**DATA**:
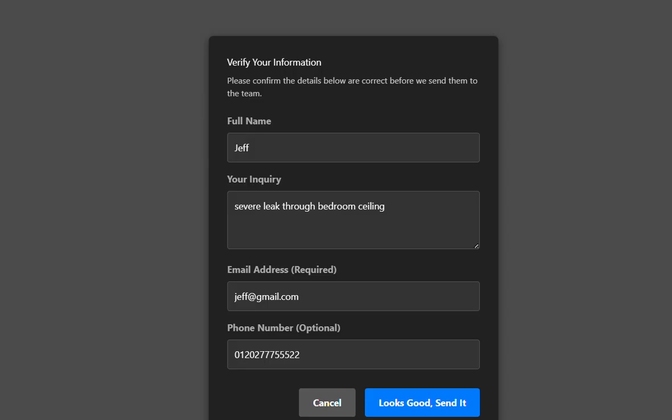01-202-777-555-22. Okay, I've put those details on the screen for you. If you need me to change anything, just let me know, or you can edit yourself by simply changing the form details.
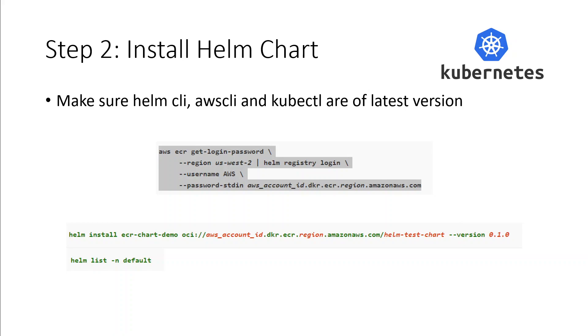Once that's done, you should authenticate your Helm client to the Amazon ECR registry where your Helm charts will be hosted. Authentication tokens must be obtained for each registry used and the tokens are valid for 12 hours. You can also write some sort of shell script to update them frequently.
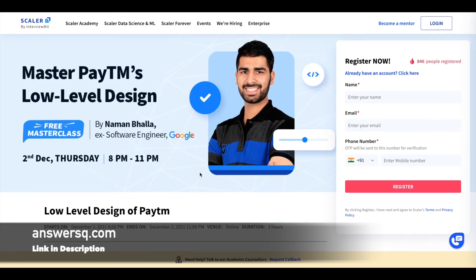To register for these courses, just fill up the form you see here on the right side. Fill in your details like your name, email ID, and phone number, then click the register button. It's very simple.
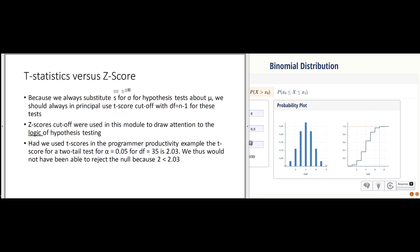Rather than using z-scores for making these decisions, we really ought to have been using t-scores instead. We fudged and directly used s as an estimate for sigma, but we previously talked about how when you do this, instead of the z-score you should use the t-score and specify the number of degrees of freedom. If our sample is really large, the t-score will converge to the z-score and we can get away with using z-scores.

**ABOUT THIS EXERCISE**:
Leave out the pictures. Transcribe the rest of the listing above exactly.

**ANSWER FOR THE TASK**:
01-202-777-555-22. Okay, I've put those details on the screen for you. If you need me to change anything, just let me know, or you can edit yourself by simply changing the form details.
Once that's done, you should authenticate your Helm client to the Amazon ECR registry where your Helm charts will be hosted. Authentication tokens must be obtained for each registry used and the tokens are valid for 12 hours. You can also write some sort of shell script to update them frequently.
To register for these courses, just fill up the form you see here on the right side. Fill in your details like your name, email ID, and phone number, then click the register button. It's very simple.
Rather than using z-scores for making these decisions, we really ought to have been using t-scores instead. We fudged and directly used s as an estimate for sigma, but we previously talked about how when you do this, instead of the z-score you should use the t-score and specify the number of degrees of freedom. If our sample is really large, the t-score will converge to the z-score and we can get away with using z-scores.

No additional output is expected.